I’m gonna go take my birthday bubble bath now.

And I’m gonna sit in there for two hours so I can practice looking like a pink prune.


Yeah, yeah, Happy  Birthday… whatever.


No wait! I was just kidding! I want carrot cake!

I’m okay, really! I’ll be spunky, I promise!

Carrot Caaaake!

~ by leakelley on February 7, 2008.

3 Responses to “Thank you for the Birth of Me!”

  1. Happy birthday!

    If you didn’t know what year you were born, how old would you think you were?

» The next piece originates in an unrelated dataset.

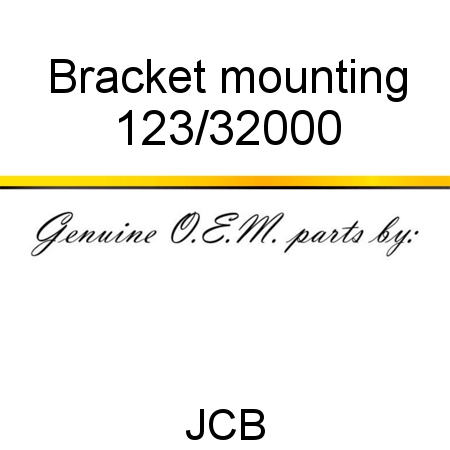 Bracket, mounting 123/32000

  2. I guess I would be a newborn every time I woke up!
    Hey, that sounds like a good way to live!
    Thanks, Kitty!

  3. Happy Burfday, LJK. Do ya got a bumper? I can’t wait to hear about your dinner with G&K.

    Hey, about that hitting the tires with your purse thing…did you forget that you move furniture with your purse slung over your shoulder? In case you have (because of that aging thang), the rest of us remember. Not because our short-term memory is intact, but because the visual is imprinted on our brains and now lives in the long-term memory nodes. It’s a sweet picture. You, a couch, and your purse. Aaahhh. Memories.

    49 ain’t so bad. It’s just the year before FIFTY, which, by the way, ain’t so bad either. Every year is precious, if you choose it, and I know you know.